Return Styles: Pseud0ch, Terminal, Valhalla, NES, Geocities, Blue Moon.

Pages: 1-4041-

[BEGINNER] Trying to write efficient code

Name: Anonymous 2010-05-07 12:03

I am writing small, simple script that deals with a flat-file database. It only uses 1 text file for this and it is quite small at the moment. However, this text file has the potential to become big because as my script is used, it continually adds new information to this text file.

To keep it simple, this is what my script does: It adds a new line to the top of the db file.

I have two options here:

1. Load the entire db file into a list (memory),
unshift new line,
then write it back into the file.

2. Create a temporary file,
write new line to temp file,
using a while loop (line-by-line) write the entire db file into the temp file,
then replace (rename) the original db file with the newer temp file.

It seems to me that option 2 is better because it doesn't load the entire file into memory. Of course, I'm just a novice and drawbacks are not as obvious to me.

So I guess my questions are: Am I correct in my assumption that option 2 is better? Or am I missing something? Is one option more cpu-intensive than the other?

Name: Anonymous 2010-05-07 12:07

Go with option 3: Add the line to the bottom of the file instead.

Name: Anonymous 2010-05-07 12:09

echo $newline > tmpfile
cat db >> tmpfile
mv tmpfile db

Otherwise, just use mmap.

Name: Anonymous 2010-05-07 12:11

>>2
But then when I try to read the db file, I would need to reverse the order so that the most recent entry is at the top. If I remember correctly, that would involve having to write the entire file into memory anyways so I might as well use option 1.

Name: Anonymous 2010-05-07 12:13

>>4
What language? You can fseek to the end of the file. That's pretty quick.

Name: Anonymous 2010-05-07 12:22

>>5
I'm using Perl. I understand Perl has this sort of function, but my script lists all the entries from most recent to oldest. Unless there's a way to seek to the end, and then go backwards line-by-line.

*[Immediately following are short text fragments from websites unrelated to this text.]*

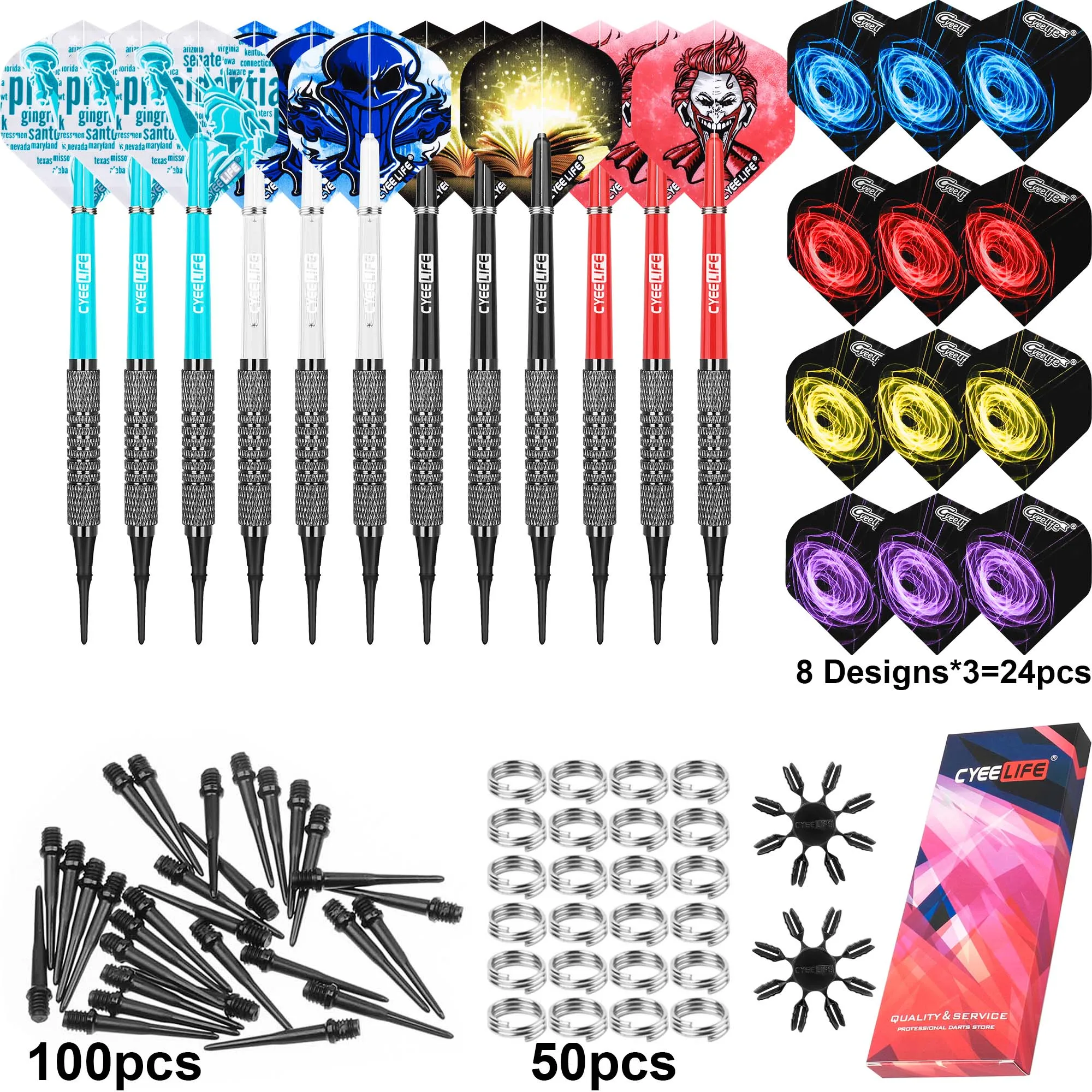 CyeeLife Soft Darts 7/10/12/16/20g 12 Packs With 4C PVC Shafts+100 Plastic tip Points+24 Flights+50 Metal Spring O Rings 1piece wire diameter 6 0mm spring steel round wire snap rings for hole retainer circlips for shaft od 154 5mm 325mm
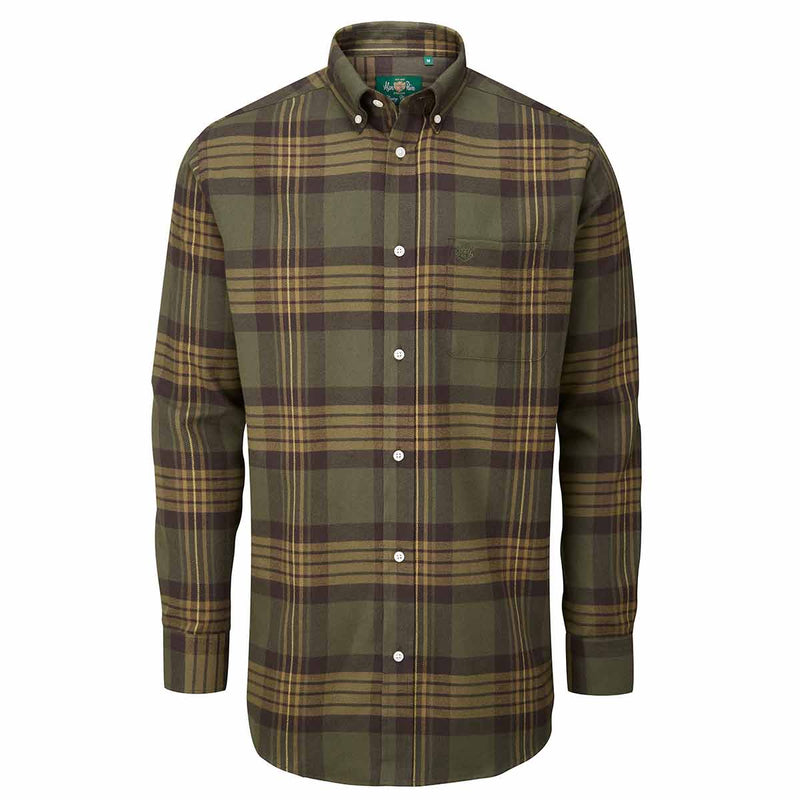 Alan Paine Ilkley Flannel Button Down Collar Shirt Olive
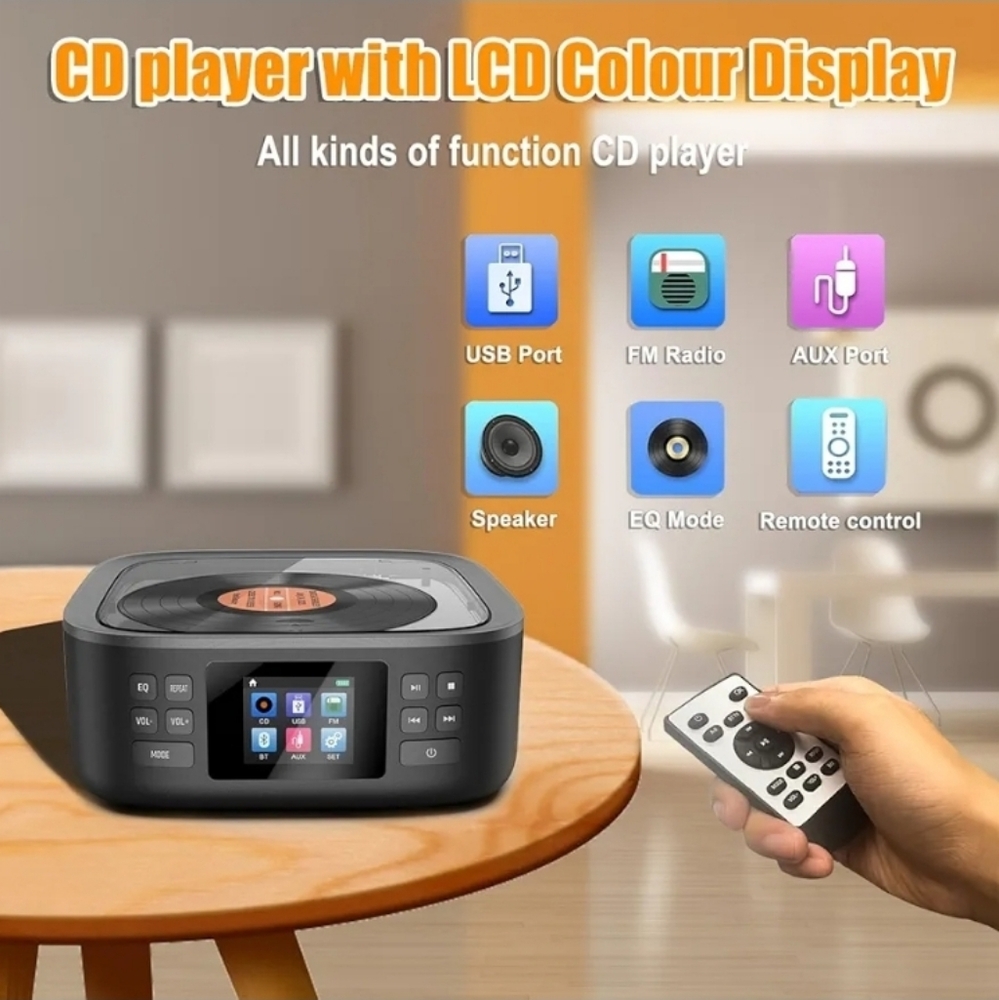 Portable CD Player Bluetooth,Desktop CD Player with Bluetooth Music Boombox Port - Picture 3 of 7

Name: Anonymous 2010-05-07 12:27

use File::ReadBackwards;

Name: Anonymous 2010-05-07 12:34

>>3
do this and  you'll be fine

Name: Anonymous 2010-05-07 12:39

I wouldn't use a single flat file, at least not while this program is running.  Depending on the kind of data you would be collecting you should organize categories of the data and write information to its specific category.  Allow each category to have a buffer and, only when that buffer is full, write a new file with it in that specific category's subdirectory; use timestamps and keywords to keep track of data.

At a preset scheduled time, take all the then-existing files in a category and compile the data in them into a single file based around these keywords and the timestamps for the category.  Either remove all data for every given keyword except the most recent timestamp or organize the timestamped entries for a given keyword.  Do this only as infrequently as you need as you as regulating all of the time consuming tasks to this scheduled task.

You do nothing but writing at first; your upkeep is a lot of reading, a sort, then one write.

Name: Anonymous 2010-05-07 16:36

Premature optimization is the root of billable hours of consultancy.

Name: Anonymous 2010-05-07 17:45

>>10
Knuth is a moron, and while that root of all evil quote isn't the dumbest thing he's ever said (particularly in light of his recent religious rants), it's definitely in the top three.

Name: Anonymous 2010-05-07 17:56

>>11
You really think that? Wow.

Name: Anonymous 2010-05-07 18:04

>>11
Was that thing about programming languages being for humans to read and only incidentally for computers to execute one of his? Because if it wasn't I can't think of #2.

Well, I guess he did say that multiprocessing was overrated because he only ever did anything that used more than one processor for fifteen minutes in a week. I suppose that counts.

Name: Anonymous 2010-05-07 18:23

>>13
Nope that's a quote from SICP (preface to the first edition). Although given that Knuth created "literate programming" you'd hope he agreed with that sentiment.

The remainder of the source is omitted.